How do you celebrate Christmas in a mixed-faith family? Tim Wyatt picks his way through the pitfalls, the accommodations, and the shared celebration

DR ALANA VINCENT closed the door on any discussion of blending festivals in her mixed-faith family this winter: "Household Rule Number One is that we do not do 'Christm-ukkah'." As a Jew married to a Presbyterian minister, Dr Vincent said that she was familiar with the intricacies of following two faiths in a single household. Simply merging Hanuk­kah with a celebration of Jesus's birth was not the answer.

The dilemma is one which is con­fronted by a large number of people. In the 2001 census, there were 21,000 mixed-faith marriages in Eng­­land and Wales, and more than 800 in Scotland. There are no com­parable figures available from the 2011 census, but it is almost certain that this number has increased.

For most of these families, separ­ate religious backgrounds will bring a welcome diversity, and add rich­ness to their spirituality. But there are undoubtedly also conflicts - and Christmas can be one. Heather Al-Yousef, from the Inter­faith Marriage Network, said this month that, sometimes, Christ­mas forced couples to face their differences for the first time. "We are in a country where it is unavoid­able. It is a cultural given for every­one, whether they are Christ­ian or not.

"Interfaith couples often have issues which are ostensibly about Christmas, but are really about identity, which came out through how you want to have Christmas."

Among the pitfalls are what to eat on Christmas Day, and whether the children can take part in a nativity play. Rosalind Birtwistle is Christian, but her husband, David Sawyer, is Jew­ish. She never con­sidered not cele­brating Christmas after getting married, she said, but had had to adapt some traditions for the sake of her Jewish family.

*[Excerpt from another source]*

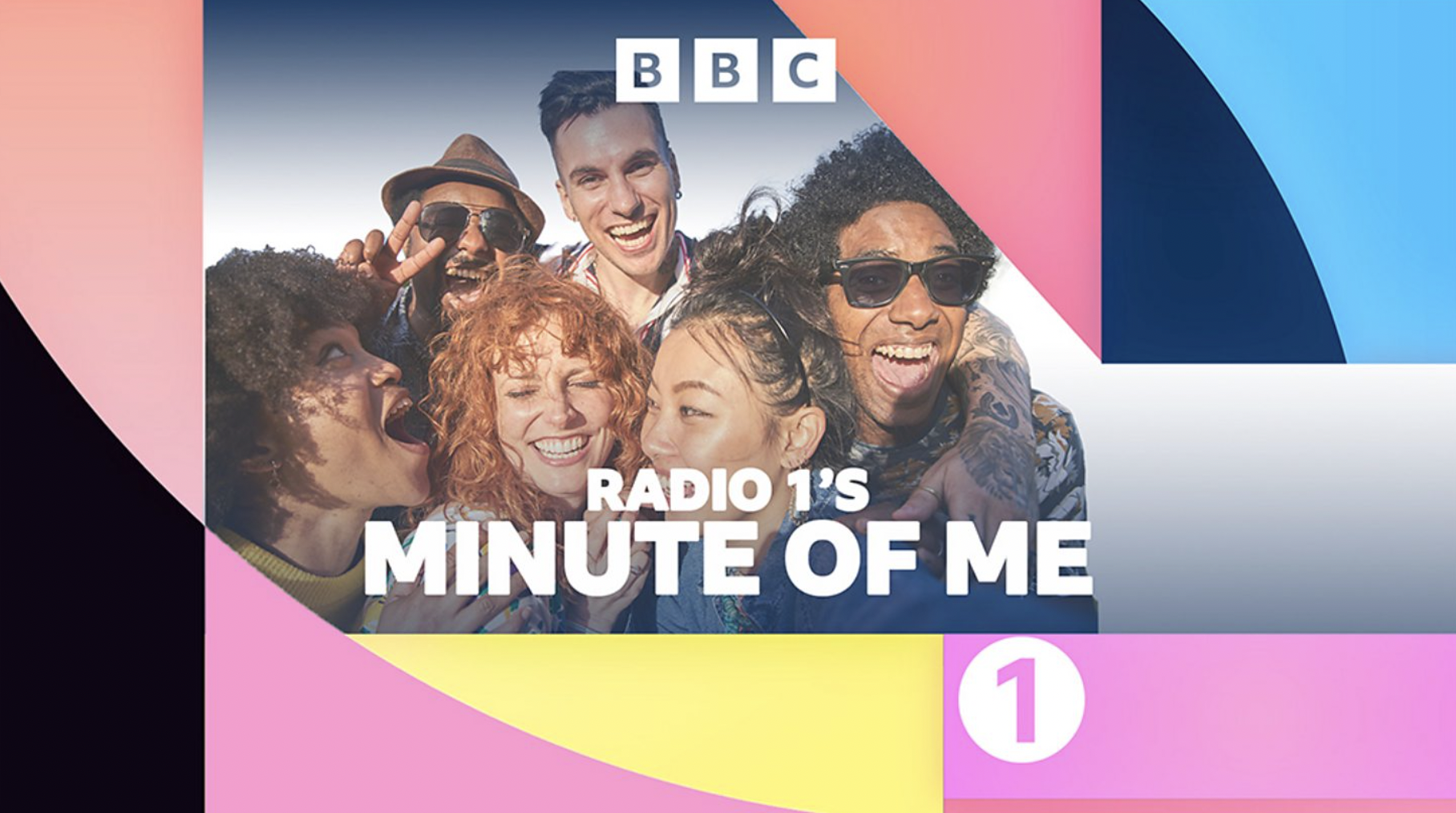 BBC Radio 1 ouvre son antenne aux jeunes du Royaume-Uni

"We don't have bacon rolls on the turkey, or a Christmas crib, and our family cards are not overtly Christian," she said. "On Christmas morning, I go to church with my children, who are in their late teens and early 20s now. David stays at home and minds the turkey. Some Jewish people get very worked up about Christmas trees, but my husband is not like that."

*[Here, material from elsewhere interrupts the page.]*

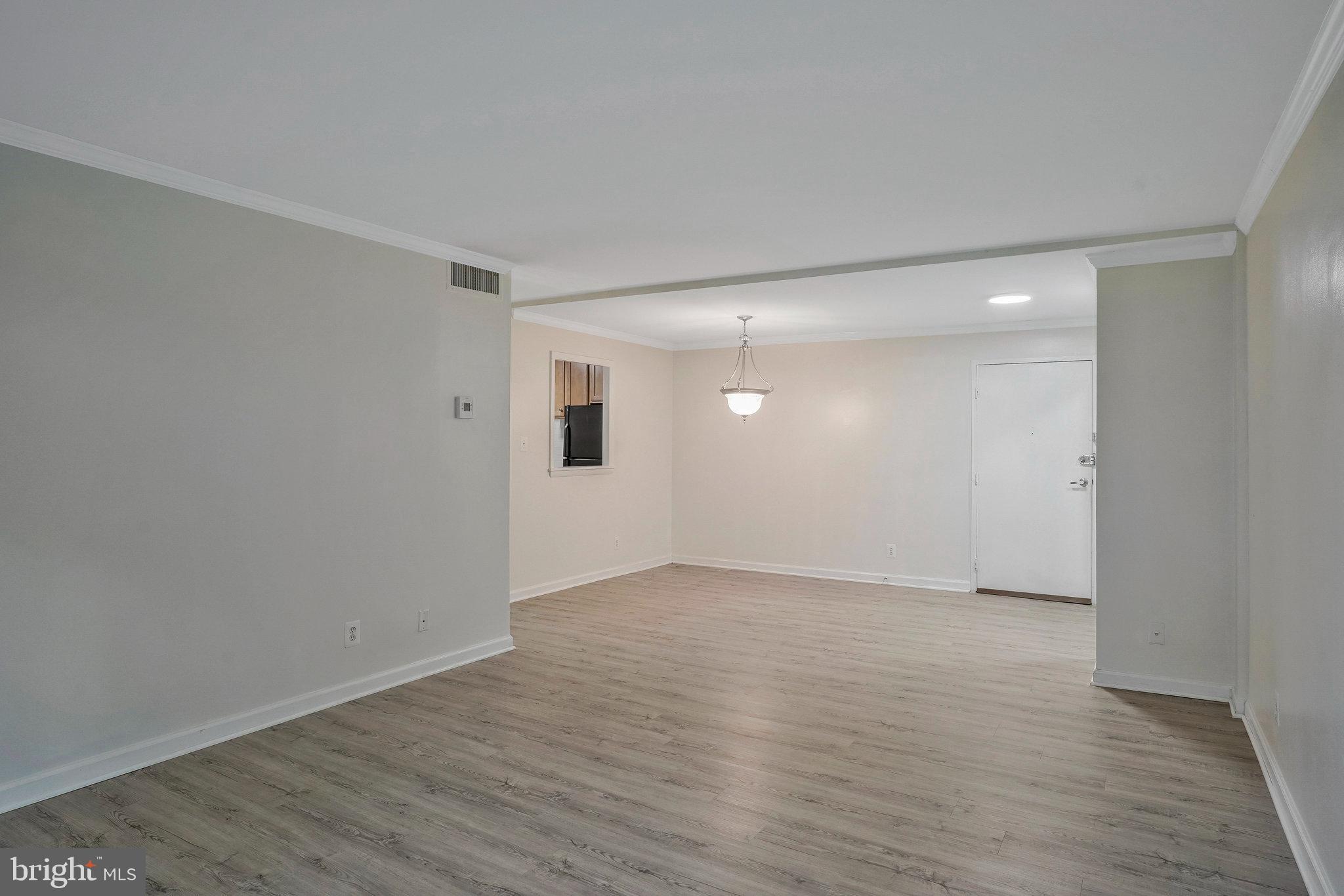 MAIN STREET GREEN - Residential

These small details are familiar to Graeme Lloyd, a Christian married to a Hindu. "My wife's a vegetarian, so she won't eat turkey on Christ­mas Day. But Christmas for us is really quite traditional - normally, my wife won't come to church with me, but she will make a point of coming on Christmas itself."

Dr Vincent said that she had much less of a problem with a Christ­­ian Christmas than she had with the materialistic and irreligious version. She said: "Absorbing a secular commercial holiday would be actually more disruptive and damaging to my religious outlook'.

The Christian Christmas was not her thing, she said, "although I do think it is very nice that once a year the whole of the Western world has a birthday party for a famous Jewish rabbi." Her Judaism has always been filtered through a sense of being on the outside of a secular, if Christian-ised, culture, she said.

Mrs Al-Yousef, who is herself married to a Muslim, said that Muslims often found it equally dif­ficult to participate in the excesses of Christmas. "I have come across Muslim traditions which say: 'Why does it have to be so over the top, with so much consumption?' and so on. For those who are trying to maintain a Muslim identity, that can be difficult to relate to. It's some­thing that has to be worked out, but for some it isn't worked out - they persist with an unexplored tension."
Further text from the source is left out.